Sul recupero fra le ripetute

Gli allenamenti che aiutano ad aumentare la velocità del ritmo di corsa sono svariati, ma quello maggiormente indicato è la ripetuta, comunemente declinato al plurale, le ripetute, dal momento che per espletarlo bisogna correrne non una, ma un certo numero. Ed anche forse il più facile da interpretare in quanto, stabilita la distanza e la quantità di prove, non c’è molto da fare oltre che a  cimentarsi nell’allenamento vero e proprio; all’interno del quale c’è comunque un elemento spesso trascurato, se non variamente applicato, e cioè il recupero, che qui vorremmo un po’ trattare, cercando di far leva su quel minimo di esperienza che abbiamo maturato in proposito.

Cominciamo col porci in via preliminare una domanda, sulla modalità di esecuzione del recupero, perché la variabilità di esecuzione ne determina il giudizio: il recupero va’ fatto a riposo o con una corsa molto blanda? Propendiamo per la seconda soluzione. Pensiamo non si debba dimenticare che lo scopo del recupero è sempre quello di consentire l’assorbimento dell’acido lattico, che una corsa molta blanda può garantire, dato che una moderatissima corsa è in grado di mantenere un’attività cardiocircolatoria sufficiente allo scopo. Diversamente, cioè con un recupero effettuato a riposo, esiste la possibilità che si faccia “ristagnare” l’acido lattico nei muscoli.

Ciò detto, passiamo alla quantità di  tempo da impiegare e da impegnare nel recupero fra le prove. Ovviamente, bisogna riferirsi al metraggio delle ripetute in questione. Ci sono le prove intervallate brevi (200-400 metri), medie (800-1000 metri) e lunghe (2000-3000 metri), ed ad ognuna di queste tipologie bisogna riferirsi in un modo ben preciso. Per esempio, lo sforzo anaerobico che si compie per un 400 metri, evidentemente, sarà diverso da quello per un 2000 metri, richiedendo pertanto un tipo di recupero in relazione all’intensità dello sforzo impiegato. Non solo. La serie di prove impiegate dovrà essere commisurata alla distanza prescelta, al fine di raggiungere un volume di corsa allenante adeguata. Non avrebbe senso correre lo stesso numero di prove sia per i 400 metri che per i 1000; cioè, il tempo complessivo del “lavoro”, comprendente la sommatoria di ripetute + recuperi sarebbe assolutamente squilibrato.

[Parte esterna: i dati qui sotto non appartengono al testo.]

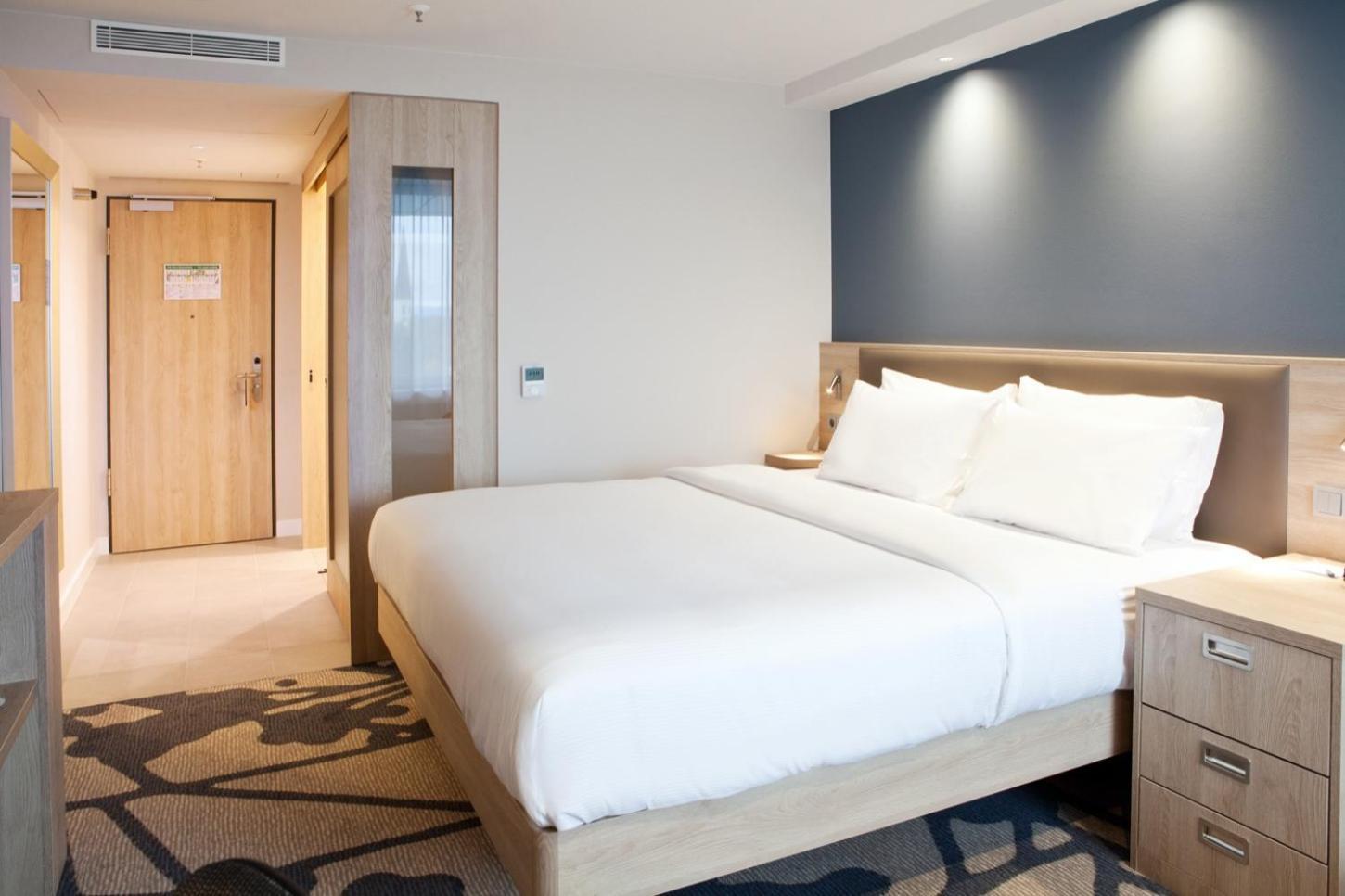 Hampton By Hilton Munich City Center East Exterior foto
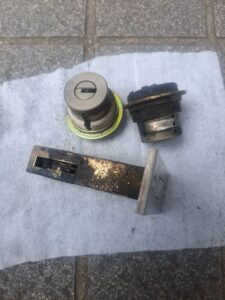 東大和市 シリンダー交換の作業写真3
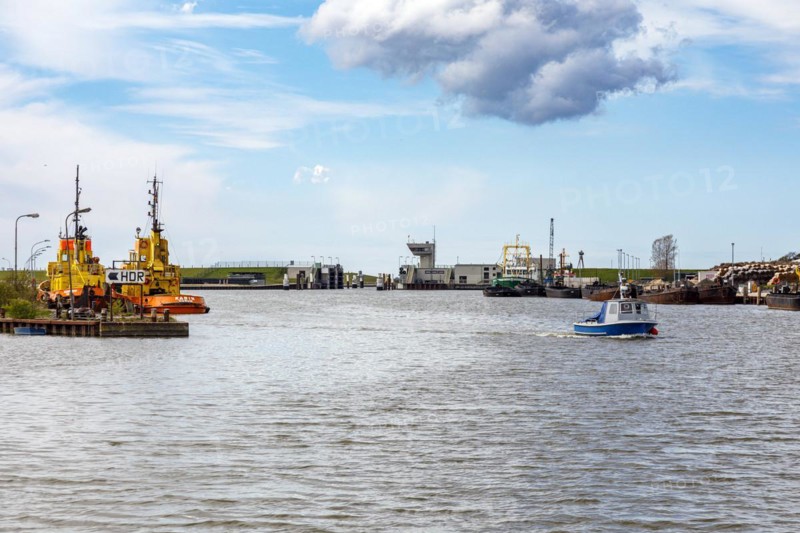 Barrage and exit at Husum outer harbour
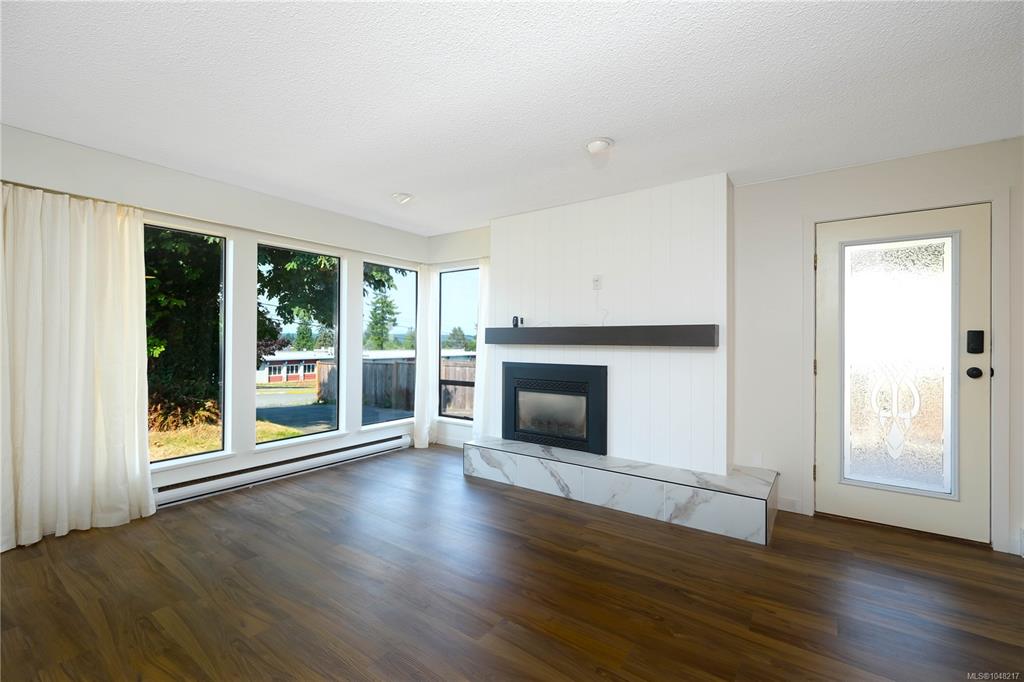 Fourth View of 729 Holm Rd, Campbell River, BC, V9W 5R5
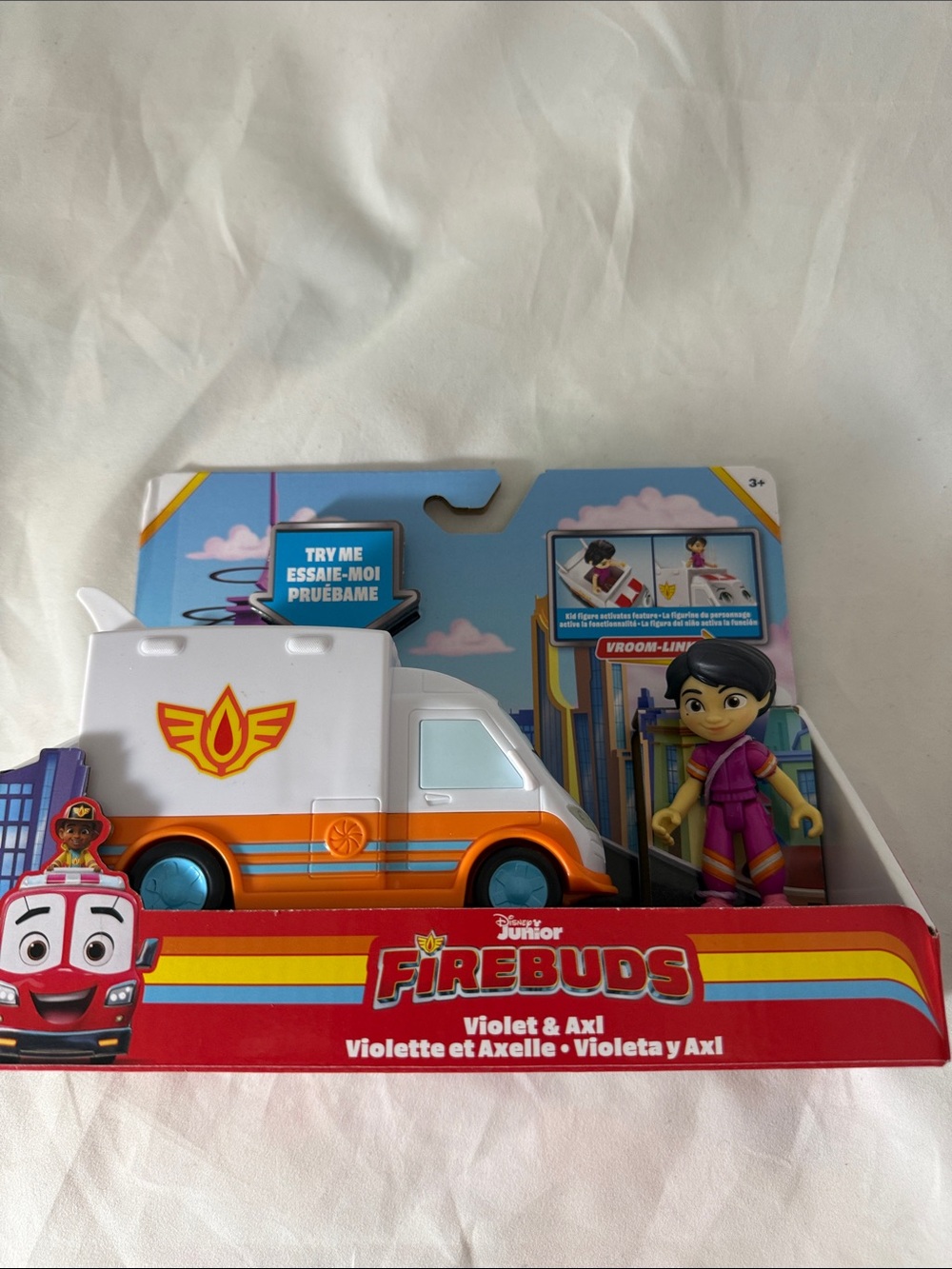 Disney Junior Firebuds Violette & Axil Toy Vehicle & Figure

Ad esempio, 10×400 non darebbe analogo riscontro dal punto di vista cronometrico di 10×1000, il che è opportuno che si eviti. Se infatti una ripetuta di 400 metri si corre in 1’ e 30” e si calcola un recupero di altrettanto tempo, si ottiene un 3’, che sommato per 10 volte darebbe un volume di “lavoro” di 30’. Cosa che non avverrebbe ovviamente nel caso di 10×1000, in cui verosimilmente si avrebbe una relazione del tipo 3’ e 30”+ 2’ e 30” = 6’, che sommato per 10 volte darebbe un volume di “lavoro” di 1h…

Se ne deduce che il tempo del recupero da effettuare fra le prove ripetute deve essere ponderato in vista della lunghezza della prova intervallata di riferimento, nel senso che ad una minore lunghezza, che richiede un maggiore dispendio di energie, deve corrispondere un tempo di recupero più ampio, e viceversa.                  

Naturalmente, ogni podista possiede una propria velocità di riferimento, per cui il recupero deve tenerne conto. In linea di massima, come base di partenza, si potrebbe affermare che il tempo di recupero dovrebbe grosso modo durare poco oltre la metà del tempo occorrente per effettuare la prova. Poi, tutto si riconduce alla condizione del podista in questione, alla sua effettiva situazione atletica in generale,  e alla sua pratica esperienza in proposito. Senza mai dimenticare che anche l’allenamento delle ripetute, e quindi l’importantissimo particolare del recupero fra le prove, deve rispettare una certa gradualità di applicazione, affinché possa costituire l’attestato di un avvenuto miglioramento della capacità organica riferita al ritmo della corsa.